This gives thousands of people a smoother experience and gives HR far better visibility into how goal setting is working across the company.

Why HR is ready for automation right now

Jeff asks why Zapier leaned so heavily into AI for HR. Emily shares two big reasons.

HR systems have never talked to each other

HR teams operate dozens of tools. ATS platforms, HRIS systems, performance tools, learning systems, feedback platforms, spreadsheets, and siloed databases. Manually moving data between these systems creates a crushing workload.

Zapier’s entire product philosophy is about making apps talk to each other. Adding AI unlocks even more efficiency because AI steps can connect logic, interpret data, and make recommendations.

HR is in a moment where staying manual is too expensive. AI gives teams a chance to finally escape the operational drag that has slowed the function for years.

Zapier’s internal “AI fluency mandate” changed everything

Emily explains a pivotal moment in Zapier’s culture. The CEO challenged the entire company to become fluent in AI. It wasn’t optional. Everyone was expected to learn, experiment, and apply AI to their work.

The results:

• AI fluency jumped to 97 percent of employees
• The People team became experimental and hands-on
• Teams identified inefficiencies they didn’t see before
• Zapier recognized how many companies were struggling with HR complexity
• Demand began pouring in from customers asking for help

This internal mandate pushed Zapier far ahead in HR automation thinking. It also inspired the creation of the AI Automation Engineer role.

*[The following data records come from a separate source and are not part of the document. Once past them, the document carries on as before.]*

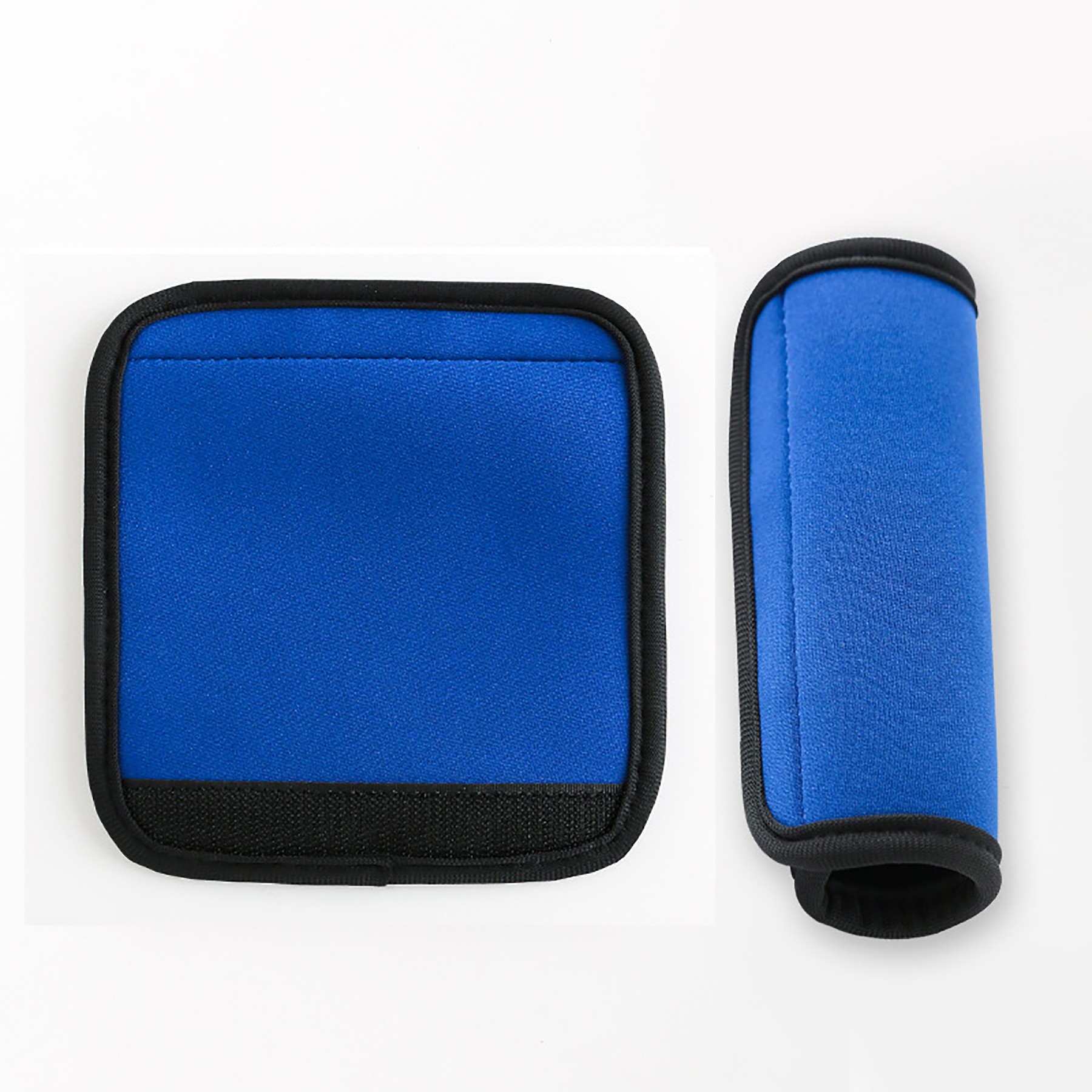 Luggage Grip Identifier Handle Wraps 3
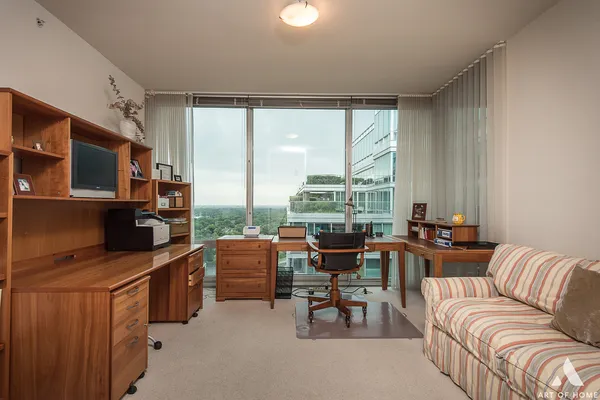 $1,695,000 | 9725 Woods Drive, Unit 1913, Skokie, IL 60077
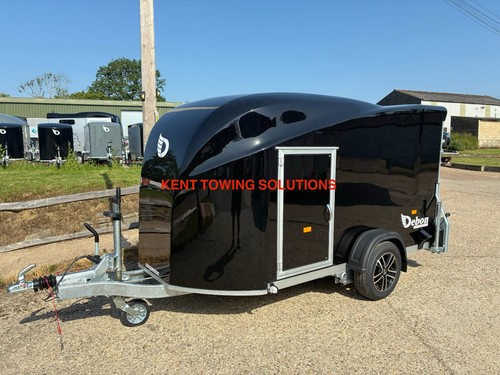 New debon cargo box - debon, xl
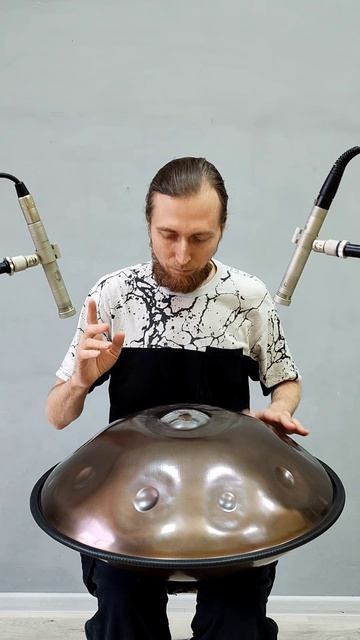 Handpan C Pygmy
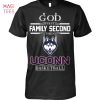 Milwaukee Bucks All Time Greats T-Shirt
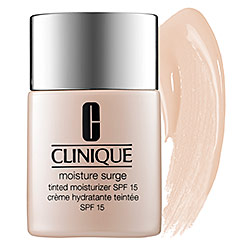 CLINIQUE Tinted Moisturizer for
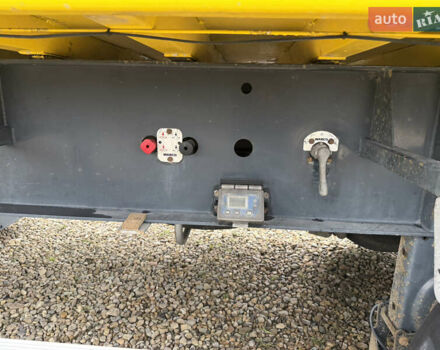 Дженмил НВ, объемом двигателя 0 л и пробегом 430 тыс. км за 19200 $, фото 21 на Automoto.ua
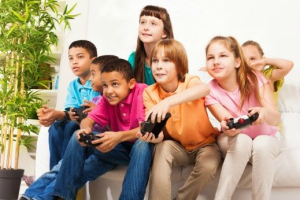 OMS reconoce la adicción a los videojuegos como enfermedad mental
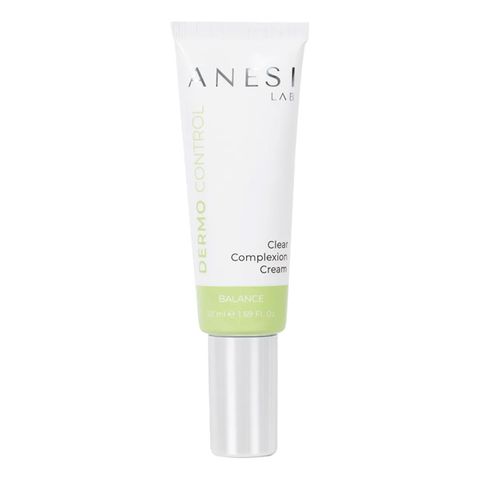 Dermo Control Clear Complexion Crm 50ml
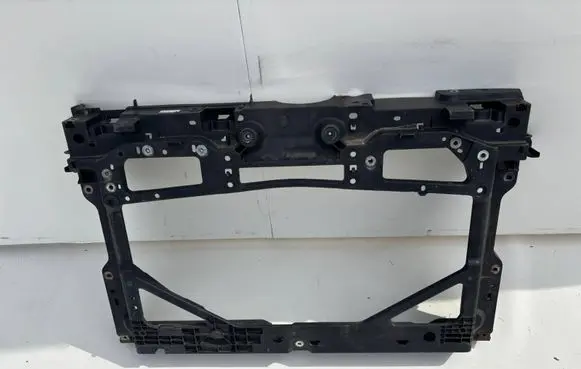 Mazda CX-3 Radiator trim D09H53110
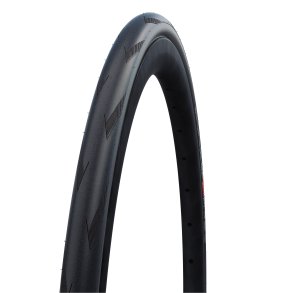 Schwalbe Dæk 700 x 25 PRO ONE TLE LiteSkin 245gram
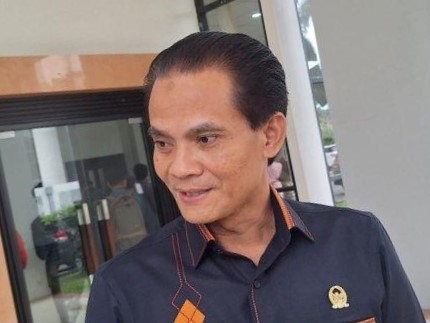 Anggota Komisi III DPRD Kaltim, Subandi. (Ist)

Will every HR team eventually have an AI Automation Engineer?

Jeff asks whether roles like Emily’s will become common.

Emily’s answer is yes. The title may differ, but the function is essential. HR already has people who are naturally curious, detail-oriented, and willing to experiment with tools. These early adopters often become the internal problem solvers who build spreadsheets, manage workflows, and keep processes running.

Companies that succeed with AI will be the ones that:

• Identify these internal champions
• Give them dedicated time and space to explore
• Allow them to lead automation efforts
• Support them through governance and ethical frameworks
• Build systems that earn trust, not break it

She emphasizes that automation must be designed by people who understand HR challenges. AI is powerful only when paired with deep context and responsible decision making.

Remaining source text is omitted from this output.